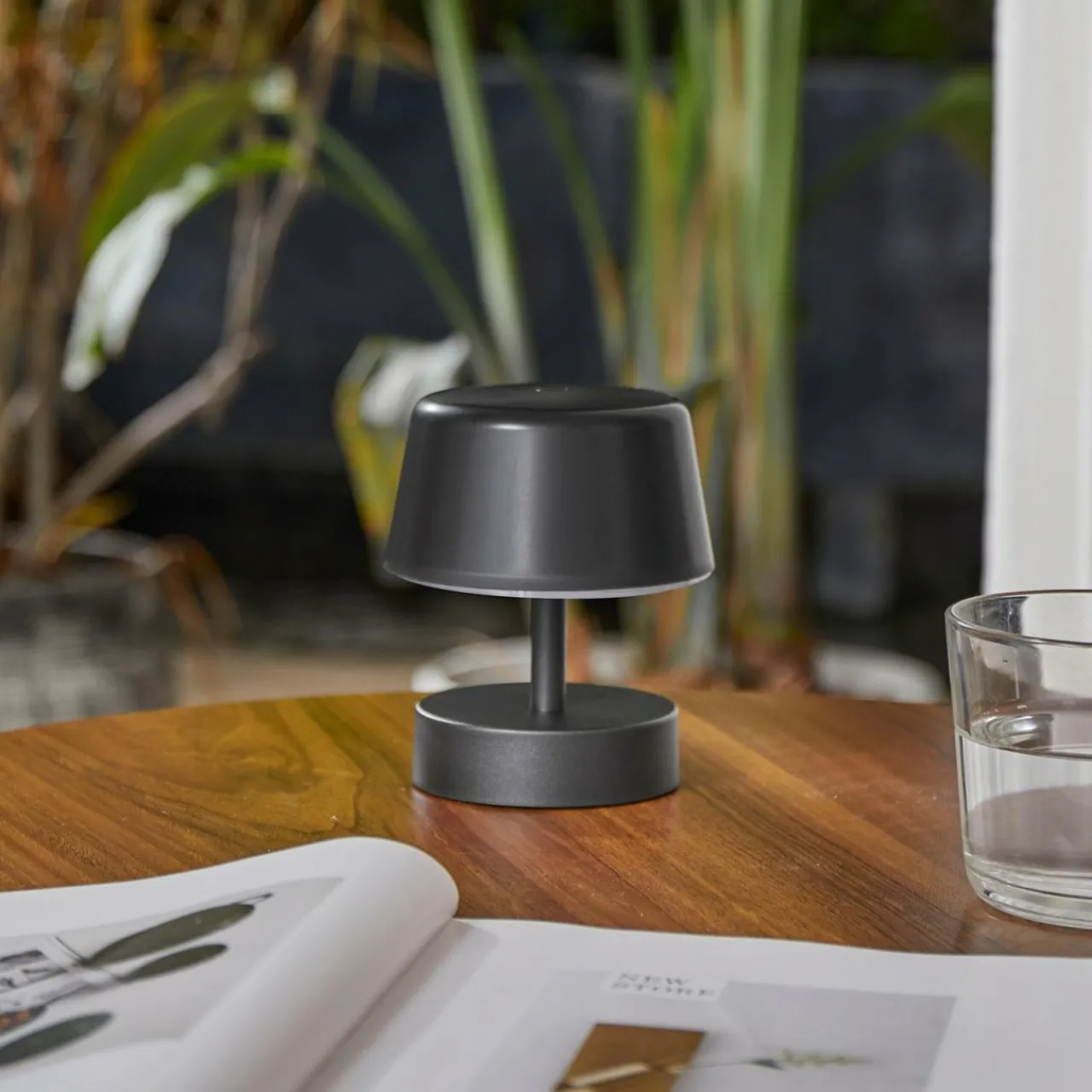 Lindby lampe de table LED rechargeable Nalani, 13 cm de haut, IP44, intensité^ Lampes Décoratives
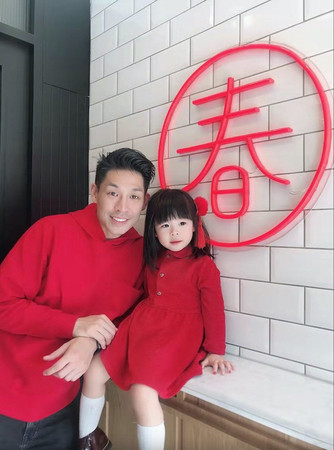 ▲▼  藍鈞天與女兒過年穿上紅色衣服添喜氣。           。（圖／故事工廠提供）
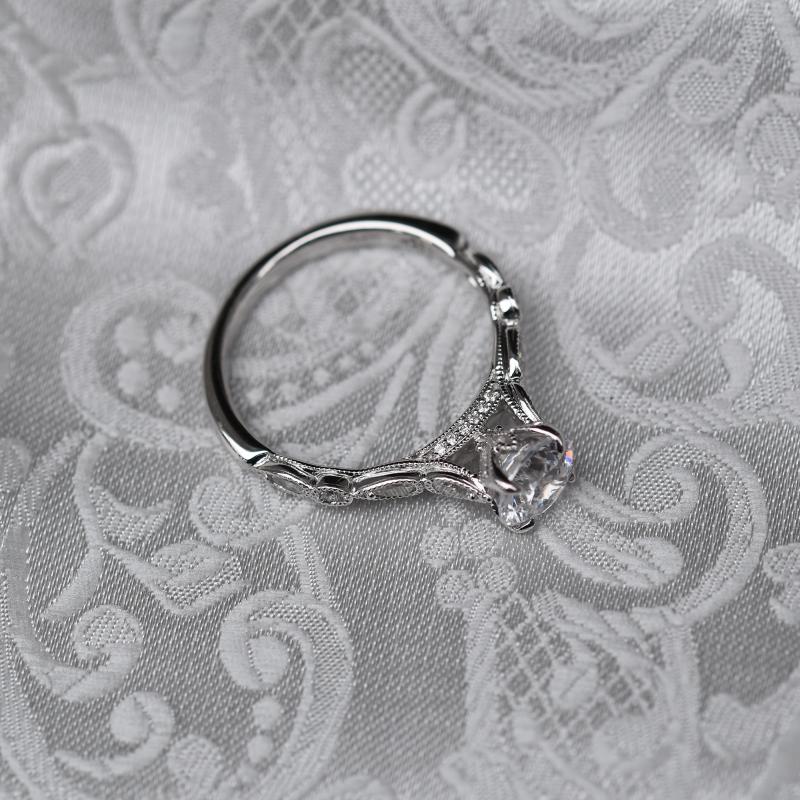 Vintage diamantový prsteň 79359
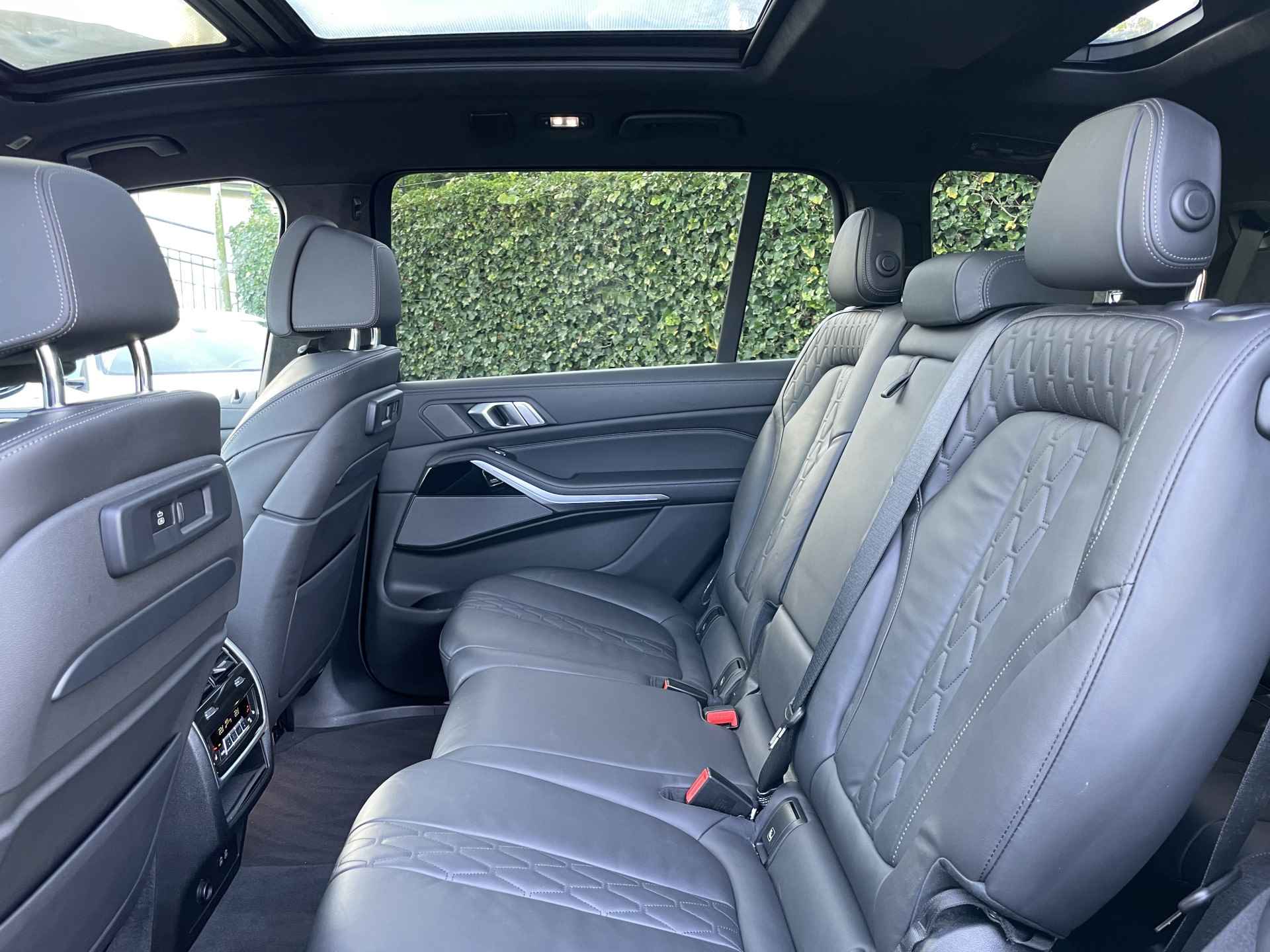 BMW X7 M50i High Exe | Individual leder | Standkachel | Trekhaak | Stoelmassage + verwarming + ventilatie | Skylounge | Alcantara hemel - 37/52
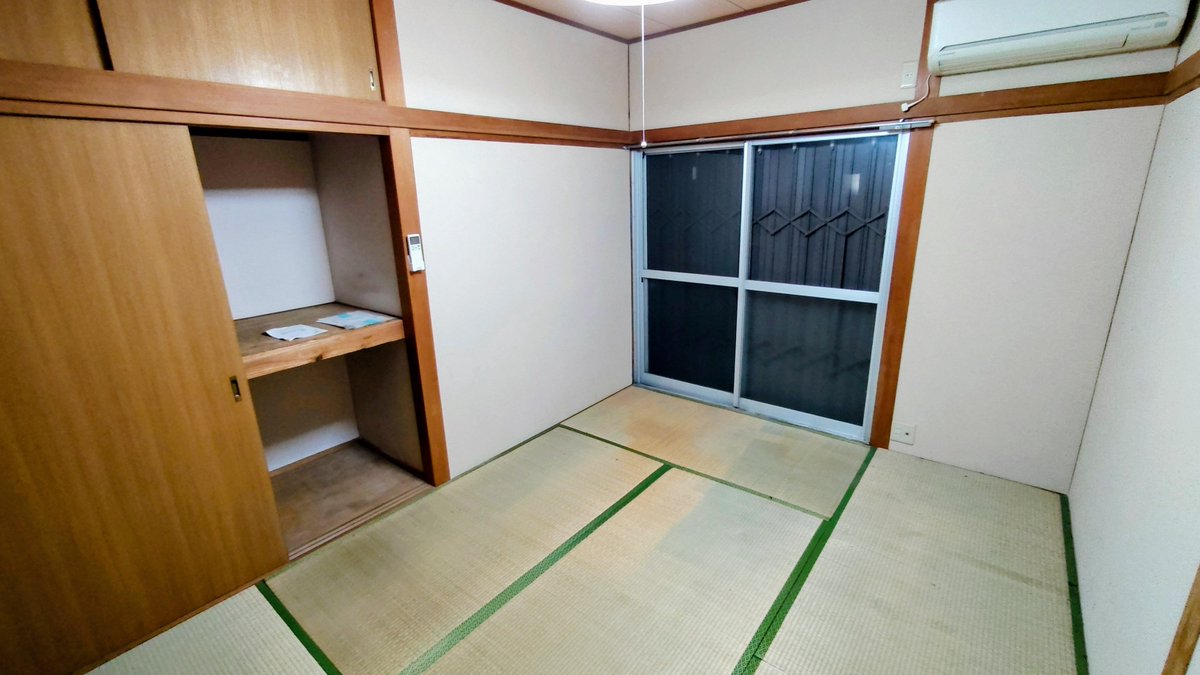 E_Sorath's tweet photo. 何度管理会社にクレーム入れても真上の部屋を使っている小学生の騒音が改善されないので放棄した8年使ったお部屋がこちら(´・ω・｀)2Kが1Kになりお家賃据え置き https://t.co/KBZswELeST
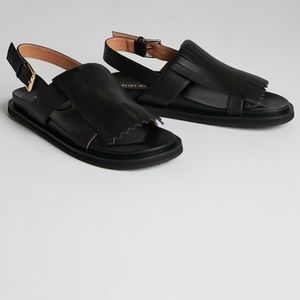 ALIAS MAE PAYTON BLACK SANDAL - 37 Black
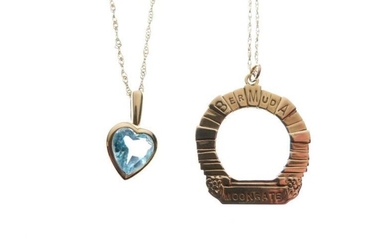 9ct gold heart-shaped pendant set aquamarine-coloured stone, together with...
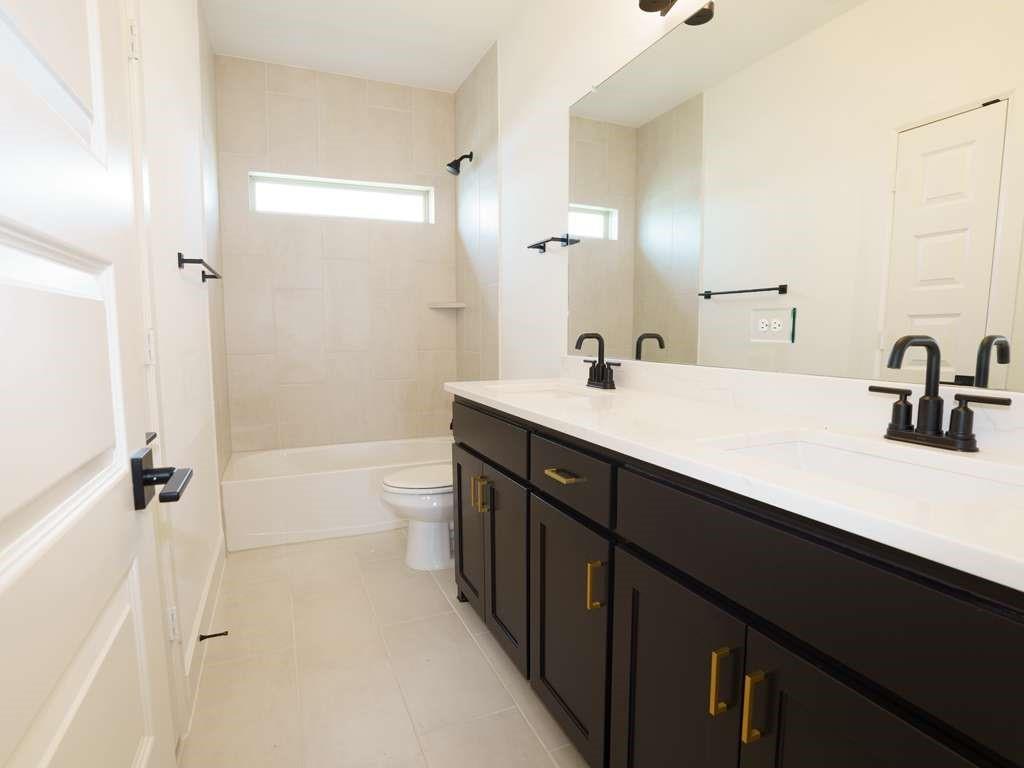 9311 Easy Street Rowlett, TX 75088 - Photo 11 of 23 Bathroom 1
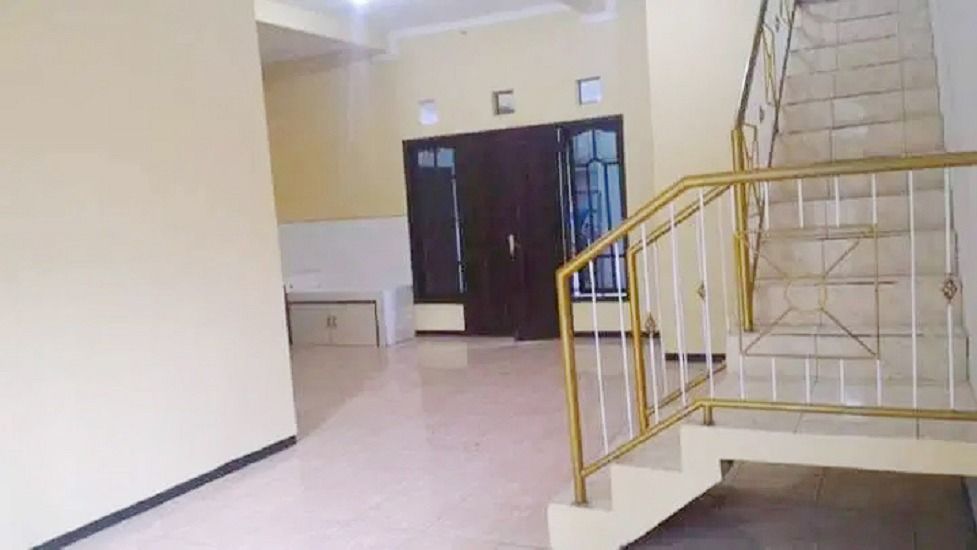 rumah_disewakan_2_lantai_di_pe_1695006334_920b15fc_progressive
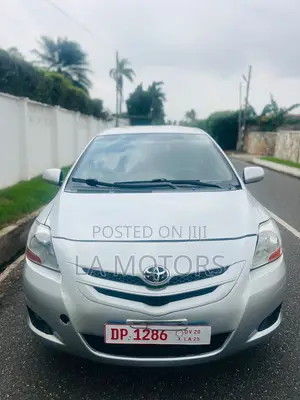 Photo - Toyota Yaris 2012 Silver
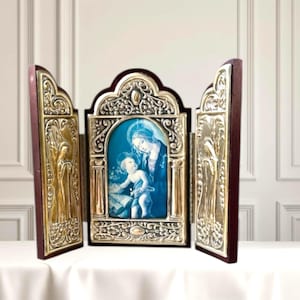 Altar dobrável religioso vintage com tríptico da Madona e o Menino | Santuário religioso católico devocional para casa ou viagem com painéis prateados em relevo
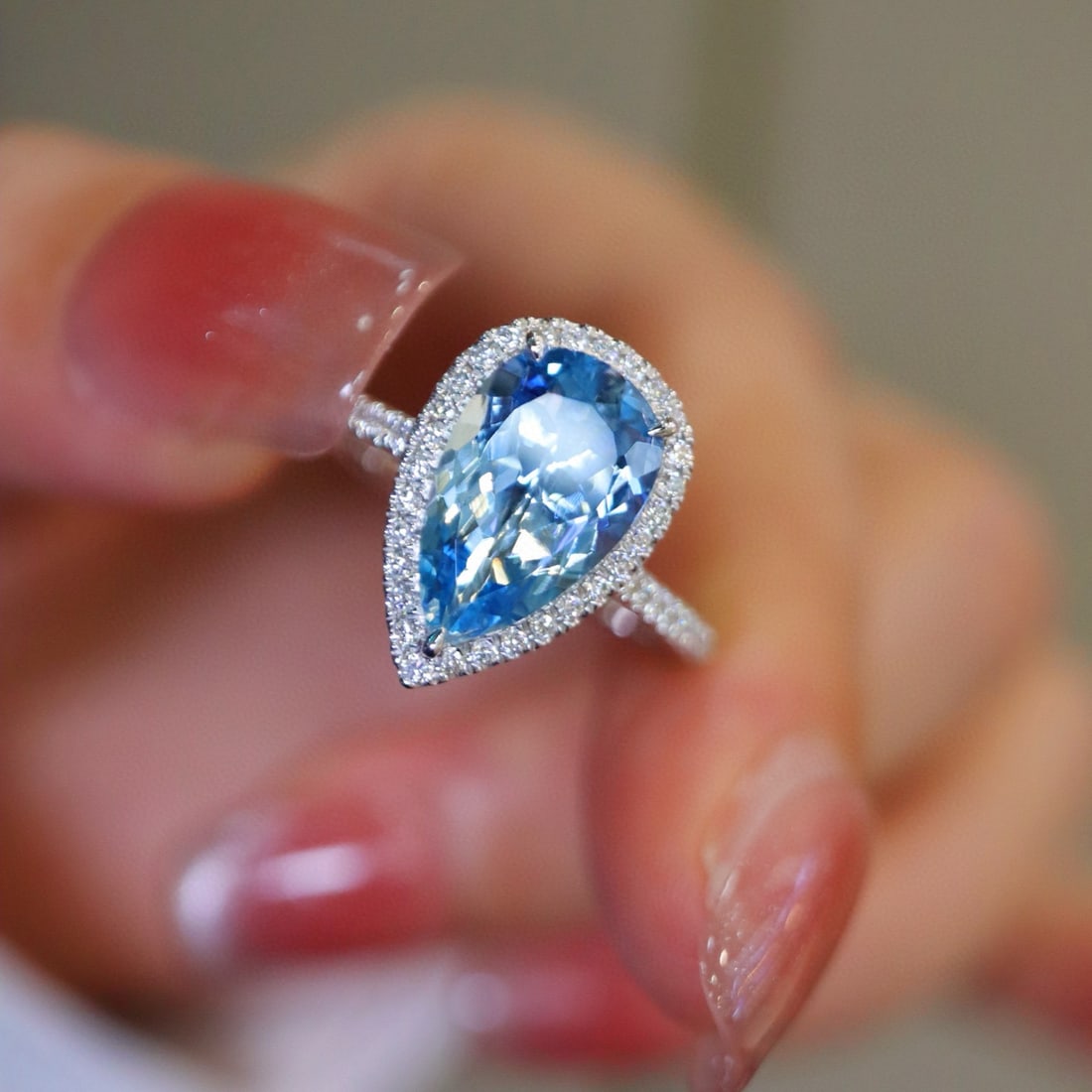 14k Gold 2.07 Ctw Natural Aquamarine & Diamond Ring - 2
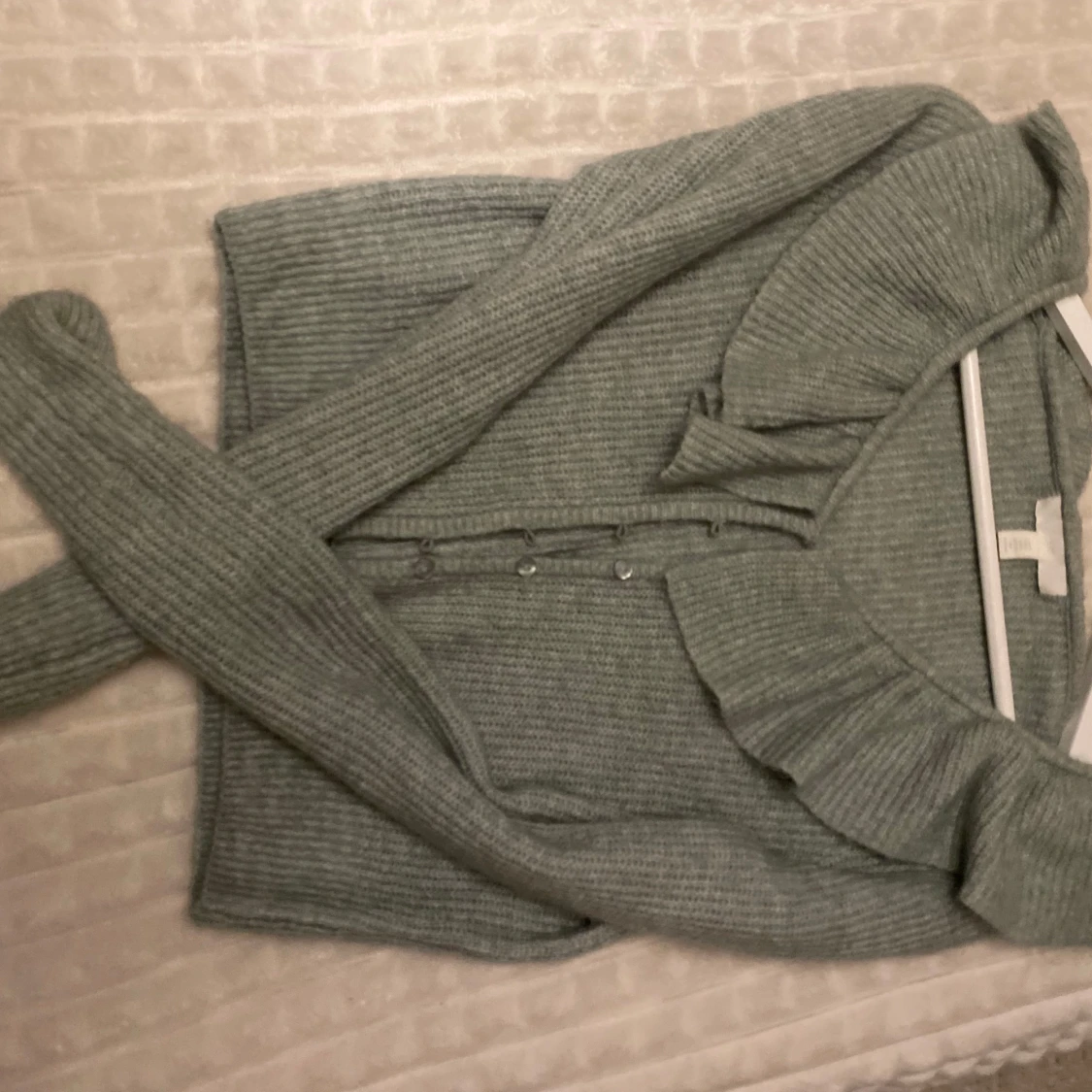 Stickad tröja från hm - 90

^^^^^^^^^^^^^^^^

# Work task
From the material above, give again exactly the lines from the one that contains "9ct gold heart-shaped" through the one that contains "Photo - Toyota Yaris 2012 Silver", and leave out the pictures.

# Exercise result
 9ct gold heart-shaped pendant set aquamarine-coloured stone, together with...
 9311 Easy Street Rowlett, TX 75088 - Photo 11 of 23 Bathroom 1
 rumah_disewakan_2_lantai_di_pe_1695006334_920b15fc_progressive
 Photo - Toyota Yaris 2012 Silver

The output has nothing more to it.